Fisher's Exact Test
OmicsBox has integrated the FatiGO package for statistical assessment of annotation differences between 2 sets of sequences. This package uses Fisher's Exact Test and corrects for multiple testing. For this analysis, the completion (but not exclusively) of the involved sequences with their annotations must be loaded in the application. This can either be the result of a OmicsBox annotation or the imported annotation by file (.annot), see Gene Ontology Annotation of this manual.
This functionality can be found under Functional Analysis → Enrichment Analysis → Enrichment Analysis (Fisher's Exact Test). A dialog screen appears (see image below). Test and Reference Sequences can be selected by uploading text files or ID-List .box files containing the lists of sequence IDs for the 2 groups. When there is no reference set selected, the whole dataset present in the project will be taken as reference. A detailed description of each parameter is available by clicking the help icon next to the parameter.
Figure 1: Run Fisher's Exact Test Wizard Dialog
Click on the Run button to start the analysis. It may take a while depending on the number of annotations.

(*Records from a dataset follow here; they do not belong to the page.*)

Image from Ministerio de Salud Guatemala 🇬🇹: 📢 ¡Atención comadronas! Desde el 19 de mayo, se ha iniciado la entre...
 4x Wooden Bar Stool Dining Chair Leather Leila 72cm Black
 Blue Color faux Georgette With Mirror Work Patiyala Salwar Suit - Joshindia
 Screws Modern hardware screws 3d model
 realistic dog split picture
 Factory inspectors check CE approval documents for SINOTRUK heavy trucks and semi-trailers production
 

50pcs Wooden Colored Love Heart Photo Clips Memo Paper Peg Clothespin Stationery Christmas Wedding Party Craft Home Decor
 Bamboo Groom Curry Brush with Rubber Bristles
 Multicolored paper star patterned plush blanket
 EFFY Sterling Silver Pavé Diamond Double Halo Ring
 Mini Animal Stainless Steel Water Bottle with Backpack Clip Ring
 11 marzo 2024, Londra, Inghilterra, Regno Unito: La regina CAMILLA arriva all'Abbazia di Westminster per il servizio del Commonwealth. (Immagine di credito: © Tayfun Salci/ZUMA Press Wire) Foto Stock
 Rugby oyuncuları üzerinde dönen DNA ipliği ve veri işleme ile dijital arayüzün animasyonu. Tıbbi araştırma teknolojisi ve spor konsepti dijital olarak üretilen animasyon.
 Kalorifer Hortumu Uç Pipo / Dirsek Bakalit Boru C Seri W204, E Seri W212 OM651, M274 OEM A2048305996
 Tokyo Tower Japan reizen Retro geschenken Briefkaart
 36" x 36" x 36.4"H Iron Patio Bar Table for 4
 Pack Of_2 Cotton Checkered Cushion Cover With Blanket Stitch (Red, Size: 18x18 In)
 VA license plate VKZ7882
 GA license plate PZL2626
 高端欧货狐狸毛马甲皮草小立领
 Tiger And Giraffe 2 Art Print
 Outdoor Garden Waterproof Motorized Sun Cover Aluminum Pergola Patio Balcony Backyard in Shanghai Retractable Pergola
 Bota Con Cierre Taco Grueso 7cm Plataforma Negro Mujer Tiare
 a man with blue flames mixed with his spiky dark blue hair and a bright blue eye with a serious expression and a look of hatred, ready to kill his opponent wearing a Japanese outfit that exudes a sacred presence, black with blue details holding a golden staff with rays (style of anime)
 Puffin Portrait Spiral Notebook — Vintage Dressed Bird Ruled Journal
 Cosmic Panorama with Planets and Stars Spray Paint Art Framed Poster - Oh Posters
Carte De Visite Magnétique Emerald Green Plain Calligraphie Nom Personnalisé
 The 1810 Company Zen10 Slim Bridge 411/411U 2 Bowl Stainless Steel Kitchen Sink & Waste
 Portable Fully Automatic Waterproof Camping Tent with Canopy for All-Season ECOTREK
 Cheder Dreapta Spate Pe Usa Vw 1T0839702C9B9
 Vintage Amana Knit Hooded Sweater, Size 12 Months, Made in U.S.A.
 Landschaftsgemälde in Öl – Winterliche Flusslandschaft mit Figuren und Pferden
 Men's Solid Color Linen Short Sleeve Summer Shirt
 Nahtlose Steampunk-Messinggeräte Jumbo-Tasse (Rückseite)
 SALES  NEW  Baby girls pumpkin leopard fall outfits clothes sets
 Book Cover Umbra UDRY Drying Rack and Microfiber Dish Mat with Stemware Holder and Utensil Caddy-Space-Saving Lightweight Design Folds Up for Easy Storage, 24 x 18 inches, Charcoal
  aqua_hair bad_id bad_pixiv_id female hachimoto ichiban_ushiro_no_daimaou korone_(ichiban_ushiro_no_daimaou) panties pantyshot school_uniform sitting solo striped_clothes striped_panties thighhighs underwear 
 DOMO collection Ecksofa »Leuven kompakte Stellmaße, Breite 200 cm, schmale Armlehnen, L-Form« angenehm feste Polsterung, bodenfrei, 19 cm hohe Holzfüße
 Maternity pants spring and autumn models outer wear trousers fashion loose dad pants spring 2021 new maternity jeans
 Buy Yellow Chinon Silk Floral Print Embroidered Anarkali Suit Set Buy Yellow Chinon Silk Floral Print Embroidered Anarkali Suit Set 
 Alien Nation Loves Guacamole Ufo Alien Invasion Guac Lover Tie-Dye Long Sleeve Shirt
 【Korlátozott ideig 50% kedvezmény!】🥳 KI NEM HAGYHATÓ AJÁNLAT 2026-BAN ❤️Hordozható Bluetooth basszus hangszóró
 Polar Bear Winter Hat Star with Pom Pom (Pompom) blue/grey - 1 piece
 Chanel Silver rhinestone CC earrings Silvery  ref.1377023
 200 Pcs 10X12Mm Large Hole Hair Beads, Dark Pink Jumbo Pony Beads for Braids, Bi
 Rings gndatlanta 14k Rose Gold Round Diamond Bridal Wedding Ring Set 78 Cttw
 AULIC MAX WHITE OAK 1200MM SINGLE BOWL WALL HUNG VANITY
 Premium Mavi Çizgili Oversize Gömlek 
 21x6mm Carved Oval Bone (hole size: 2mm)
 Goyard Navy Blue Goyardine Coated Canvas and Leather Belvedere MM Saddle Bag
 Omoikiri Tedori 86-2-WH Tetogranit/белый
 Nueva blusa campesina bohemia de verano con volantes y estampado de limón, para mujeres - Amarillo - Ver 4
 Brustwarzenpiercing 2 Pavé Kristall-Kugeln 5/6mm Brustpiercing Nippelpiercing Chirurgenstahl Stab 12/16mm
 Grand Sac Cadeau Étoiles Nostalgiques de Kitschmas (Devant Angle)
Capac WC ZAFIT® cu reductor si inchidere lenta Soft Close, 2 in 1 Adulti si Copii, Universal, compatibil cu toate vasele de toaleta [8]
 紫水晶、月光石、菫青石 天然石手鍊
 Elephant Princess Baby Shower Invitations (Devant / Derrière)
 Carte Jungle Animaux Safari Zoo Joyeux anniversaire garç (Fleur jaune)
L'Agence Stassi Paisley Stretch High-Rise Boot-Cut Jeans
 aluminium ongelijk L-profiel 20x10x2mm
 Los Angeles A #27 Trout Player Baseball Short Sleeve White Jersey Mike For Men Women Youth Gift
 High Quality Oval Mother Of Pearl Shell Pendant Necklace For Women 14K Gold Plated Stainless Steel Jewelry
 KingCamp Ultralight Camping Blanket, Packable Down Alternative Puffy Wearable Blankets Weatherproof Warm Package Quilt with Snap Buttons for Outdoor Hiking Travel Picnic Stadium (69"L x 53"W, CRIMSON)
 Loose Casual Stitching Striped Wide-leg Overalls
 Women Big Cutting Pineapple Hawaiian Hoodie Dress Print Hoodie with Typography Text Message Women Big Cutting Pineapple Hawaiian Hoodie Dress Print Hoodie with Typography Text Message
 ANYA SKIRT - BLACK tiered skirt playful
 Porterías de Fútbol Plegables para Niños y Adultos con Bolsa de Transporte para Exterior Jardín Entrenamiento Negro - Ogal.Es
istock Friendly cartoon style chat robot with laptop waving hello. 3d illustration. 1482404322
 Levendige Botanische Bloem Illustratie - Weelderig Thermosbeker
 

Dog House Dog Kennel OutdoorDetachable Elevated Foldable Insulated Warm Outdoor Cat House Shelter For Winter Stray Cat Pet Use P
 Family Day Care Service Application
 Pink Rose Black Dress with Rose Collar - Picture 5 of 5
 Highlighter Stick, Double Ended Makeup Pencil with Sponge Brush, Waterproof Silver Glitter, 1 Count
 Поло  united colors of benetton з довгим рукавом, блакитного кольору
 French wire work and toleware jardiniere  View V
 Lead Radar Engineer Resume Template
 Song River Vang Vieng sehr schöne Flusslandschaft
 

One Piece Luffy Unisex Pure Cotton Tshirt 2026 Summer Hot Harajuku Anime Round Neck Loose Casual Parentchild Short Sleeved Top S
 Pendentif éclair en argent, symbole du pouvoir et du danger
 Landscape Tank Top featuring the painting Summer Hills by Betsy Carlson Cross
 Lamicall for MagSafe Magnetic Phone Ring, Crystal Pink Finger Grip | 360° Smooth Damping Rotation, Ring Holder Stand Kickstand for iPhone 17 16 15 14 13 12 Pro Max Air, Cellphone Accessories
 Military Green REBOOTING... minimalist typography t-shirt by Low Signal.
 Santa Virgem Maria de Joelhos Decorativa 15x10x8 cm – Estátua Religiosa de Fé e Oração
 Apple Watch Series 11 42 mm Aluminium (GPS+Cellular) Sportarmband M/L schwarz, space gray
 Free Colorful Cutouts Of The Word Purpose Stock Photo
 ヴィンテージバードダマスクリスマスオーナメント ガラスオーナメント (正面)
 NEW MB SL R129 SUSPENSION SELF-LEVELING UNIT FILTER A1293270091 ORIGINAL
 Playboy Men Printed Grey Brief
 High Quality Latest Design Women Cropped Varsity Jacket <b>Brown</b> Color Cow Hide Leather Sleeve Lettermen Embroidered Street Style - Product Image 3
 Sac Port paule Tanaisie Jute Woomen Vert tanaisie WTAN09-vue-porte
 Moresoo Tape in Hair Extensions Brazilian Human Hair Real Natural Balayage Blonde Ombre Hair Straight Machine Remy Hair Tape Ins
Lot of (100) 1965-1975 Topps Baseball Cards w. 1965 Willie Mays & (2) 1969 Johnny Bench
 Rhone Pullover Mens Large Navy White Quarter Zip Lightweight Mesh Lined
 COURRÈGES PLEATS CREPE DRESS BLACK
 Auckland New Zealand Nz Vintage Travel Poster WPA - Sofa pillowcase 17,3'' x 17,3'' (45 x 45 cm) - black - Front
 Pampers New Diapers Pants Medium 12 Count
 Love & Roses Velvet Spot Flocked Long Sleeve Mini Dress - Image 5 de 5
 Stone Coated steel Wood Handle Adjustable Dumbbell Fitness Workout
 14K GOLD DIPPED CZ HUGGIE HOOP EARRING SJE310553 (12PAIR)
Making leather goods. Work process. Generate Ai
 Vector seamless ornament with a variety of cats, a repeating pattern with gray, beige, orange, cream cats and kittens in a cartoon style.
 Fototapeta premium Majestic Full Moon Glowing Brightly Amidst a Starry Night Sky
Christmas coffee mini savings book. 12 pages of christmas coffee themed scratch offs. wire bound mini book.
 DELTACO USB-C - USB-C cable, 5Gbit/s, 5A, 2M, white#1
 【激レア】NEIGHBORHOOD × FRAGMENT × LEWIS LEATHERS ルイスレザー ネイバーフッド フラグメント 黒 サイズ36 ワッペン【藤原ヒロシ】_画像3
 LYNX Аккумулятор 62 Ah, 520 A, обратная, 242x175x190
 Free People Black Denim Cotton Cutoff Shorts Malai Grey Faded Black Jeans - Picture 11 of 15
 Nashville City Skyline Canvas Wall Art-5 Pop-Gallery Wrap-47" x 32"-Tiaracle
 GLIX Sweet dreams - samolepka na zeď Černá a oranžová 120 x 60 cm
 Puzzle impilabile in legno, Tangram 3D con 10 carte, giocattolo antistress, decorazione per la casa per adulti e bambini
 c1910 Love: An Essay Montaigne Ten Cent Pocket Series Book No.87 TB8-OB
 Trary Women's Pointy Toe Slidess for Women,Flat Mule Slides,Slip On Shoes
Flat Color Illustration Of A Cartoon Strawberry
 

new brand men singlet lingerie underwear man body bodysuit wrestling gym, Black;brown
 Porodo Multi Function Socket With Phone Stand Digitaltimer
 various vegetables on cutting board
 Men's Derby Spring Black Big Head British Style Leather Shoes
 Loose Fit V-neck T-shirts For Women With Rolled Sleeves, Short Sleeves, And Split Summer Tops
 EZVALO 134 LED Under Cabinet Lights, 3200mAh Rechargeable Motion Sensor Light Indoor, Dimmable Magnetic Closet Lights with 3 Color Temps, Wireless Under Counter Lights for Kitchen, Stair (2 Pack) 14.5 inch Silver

Once completed the results table will be shown in a new tab (see image below), where the adjusted p-values of each annotation above a given threshold will be shown. The main columns are:
|Corrected p-value by False Discovery Rate control according to Benjamini-Hochberg.||p-Value without multiple testing corrections|
For further details please refer to the FatiGO publication (Al-Shahrour, F., Díaz-Uriarte, R., and Dopazo, J. (2004). Fatigo: a web tool for finding significant associations of gene ontology terms with groups of genes. Bioinformatics, 20(4):578–580).
Figure 2: Enrichment Results Table
Using the context menu of each row It is possible to get more details about the annotation and also create an ID-List with the sequences annotated in the Test-Set or the Reference-Set.
- #Test is the number of sequences that are annotated with the GO and are in the test set.
- #NotAnnotTest is the number of sequences that are not annotated with that GO, that is in the test set.
Adding these two numbers it gives the total amount of sequences that are annotated at all in your test set e.g. GO:0061135: 9 + 52 = 61
In the sidebar there are located all possible action that can be performed for this enrichment result, including two options for the visual display of the results:
- Make Enriched Graph (only for GO annotations): use this option to generate a representation on the GO DAG (see image below). Nodes are color-highlighted proportionally to their significance value. The user can choose which type of calculated p-value to use for highlighting and the threshold for filtering out nodes. Additionally, the Filter intermediate the checkbox will hide non-enriched nodes. More options are available in the graph viewer's sidebar. Gene Ontology Graphs of this manual gives further information on the graphical functions in OmicsBox.
Figure 3: Enriched Graph
2. Show Bar Chart: this option generates a bar display of the percentages of sequences at both, test and reference set, for each annotation of the table (see image below).
Figure 4: Enriched Bar Chart
3. Reduce to Most Specific (only for GO annotations): use this option to remove more general GO terms from the results and get only the most specific terms (with the lowest level in the GO DAG).
Additionally, like many others results in OmicsBox, It is possible to display the enrichment results in two different ways: the Treemap representation to compare the most enriched annotations by their size and the WordCloud representation to summarise relevant annotations in a fashionable way.